The GOP and the Albatross of White Racial Panic
At the moment we’re moving toward one party that is genuinely multi-racial in composition and another that is increasingly a white persons’ party, albeit having limited minority representation and a small number of non-white officeholders. There’s a small but substantial minority of the population that finds a new America where whites really aren’t the overwhelmingly dominant group, simply in numbers, very frightening. I’d put the number at somewhere between 20% and 25% of the population. And they are overwhelmingly in the Republican party or they’re right-leaning independents who vote Republican.

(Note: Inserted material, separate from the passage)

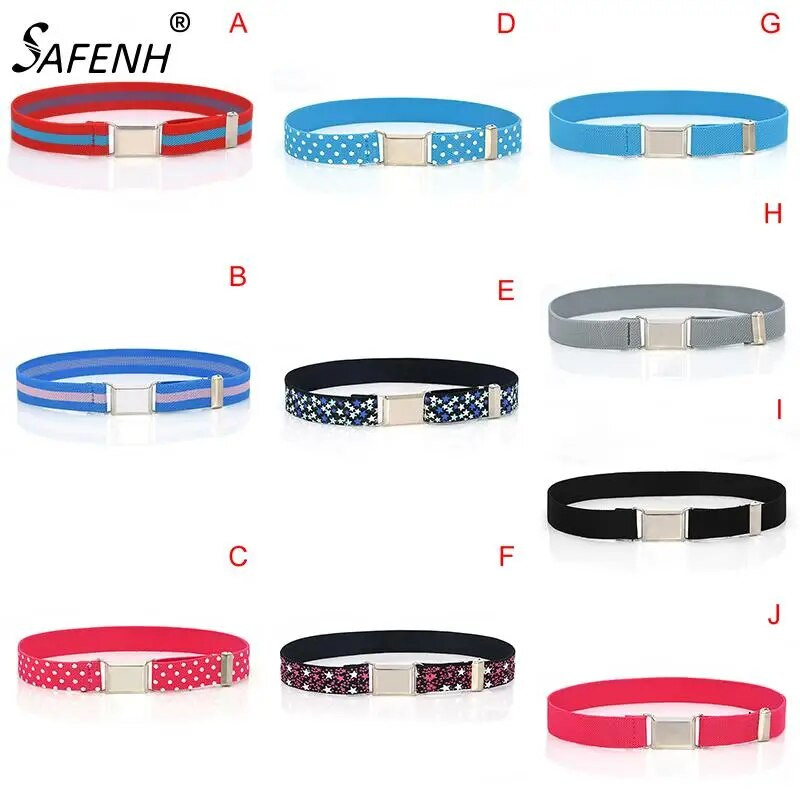 Reguliuojami elastiniai drobiniai diržai berniukams mergaičių dryžuotas tamprus vakarinis diržas vaikams reguliuojamas sagties diržas vaikiškas juosmuo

And that’s what brings you to the what we might better call the Steve King problem, the guy who’s in trouble today for saying that virtually all DREAMers are drug mules and criminals. He’s now been denounced by John Boehner, Raul Labrador (one of the biggest border security hawks in Congress) and others. I don’t doubt the sincerity of their rebukes. But King is speaking for the raw, undomesticated voice of that slice of the electorate for whom these social and population trends spell a basically non-stop state of white panic expressed through Obama conspiracy theories, fears of marauding Mexican hordes, hyper-opposition to primarily Latin American immigration and so much more.
Yes, King is more intemperate, voluable and perhaps more hateful than most. But he does speak for that relatively small slice of the electorate which makes up a pretty big slice of the GOP electorate and keeps the GOP anchored in opposition to immigration reform and to policies which put most of the non-white population off-limits to the party indefinitely. That’s why the whole plan to ‘double down’ on the ‘whites only’ strategy now increasingly favored by Republicans isn’t so much of a strategy as a recognition that it can’t break free or discipline that mammoth part of its voter base.